In 1979 I visited one of Dr. J. M. Woodard's farms where we lived in
1944-45. The only building standing was the outhouse. Oh, once again I
would have loved to walk again through that barn, where the cows were
milked on the north side and horses had stalls on the south side. Barns
served about three generations of Nebraska farmers, then horses lost out
to tractors which had hundreds of horsepowers. The barns were left to
fall down among themselves. Today, it's rare to see a barn, especially a
functioning barn on any farm. There's also no chicken house, pig pen, or
milking cows. Chores have been eliminated from the farm.

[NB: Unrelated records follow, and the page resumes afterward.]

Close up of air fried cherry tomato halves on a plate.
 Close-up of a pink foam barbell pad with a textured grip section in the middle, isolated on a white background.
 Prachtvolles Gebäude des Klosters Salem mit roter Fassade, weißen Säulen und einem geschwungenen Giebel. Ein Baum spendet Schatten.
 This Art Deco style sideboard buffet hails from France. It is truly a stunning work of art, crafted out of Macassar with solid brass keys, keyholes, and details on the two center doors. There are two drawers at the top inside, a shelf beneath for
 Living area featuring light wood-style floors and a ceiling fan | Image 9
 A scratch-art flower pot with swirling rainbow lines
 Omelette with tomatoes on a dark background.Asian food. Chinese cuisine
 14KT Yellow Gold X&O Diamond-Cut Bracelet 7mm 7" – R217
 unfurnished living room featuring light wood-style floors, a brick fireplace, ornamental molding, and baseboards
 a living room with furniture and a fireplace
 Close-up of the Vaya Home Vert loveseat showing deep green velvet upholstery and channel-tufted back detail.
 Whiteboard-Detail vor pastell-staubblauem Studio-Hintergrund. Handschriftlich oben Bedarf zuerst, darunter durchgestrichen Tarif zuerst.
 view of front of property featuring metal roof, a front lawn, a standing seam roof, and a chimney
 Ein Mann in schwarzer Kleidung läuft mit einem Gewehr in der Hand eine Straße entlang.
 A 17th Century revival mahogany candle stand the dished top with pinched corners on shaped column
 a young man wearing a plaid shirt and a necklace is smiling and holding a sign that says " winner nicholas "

In the Woodward farm haymow I would climb up as high as I could get
by clinging to the wall and tip-toeing along the 2x4 framing. Then I'd
turn and jump into the straw pile, which we used for bedding for the
animals. This one time I jumped and my lower lip was covering my teeth.
My jaw hit my knee and my teeth cut a gash below my lower lip. I'm
living with this scar to remind me that I was once a dare devil when
spurred on by neighbor kids.
I was 6 then and one of my jobs was to hunt in the mangers and around
the barn to find where hens were laying their eggs. It was important to
find as many eggs as possible because eggs were a cash crop. Mom would
take them to Shaneyfelt Produce in Aurora on Saturdays to sell. She got
maybe only 9 or 10 cents a dozen, but that would buy a pound of navy
beans at Safeway. The chickens were free to roam the farm, and while
most of the hens laid their eggs in the nests in the chicken house,
there were several who liked to play hide and go-seek.
Rex, you mentioned handwriting on the wall. Yes, well, as I was
walking toward the outhouse, I was wondering if there would be any
evidence that I was ever in this outhouse 30 years earlier. I opened the
door slowly. No animals jumped out at me.
Of course the door opened to the south away from the road view so
there was plenty of sunshine lighting it. I walked in and sat down (No,
I didn't need to!) and looked around at the walls at eye-level. Sure
enough. I saw Rex, Steve, and Pauline, plus Kenneth and Janis written
very plainly on the white walls.
It was a WPA toilet, so it was well built with a concrete floor.
Steve and Pauline are my siblings. Kenneth is the boy who would one day
become Mayor Kenneth Harter of Aurora. So now you know the rest of the
story about the handwriting on the wall.
And this is all I know about outhouses. You're probably flushed from
reading all of this, but thanks for sitting through the memories with me!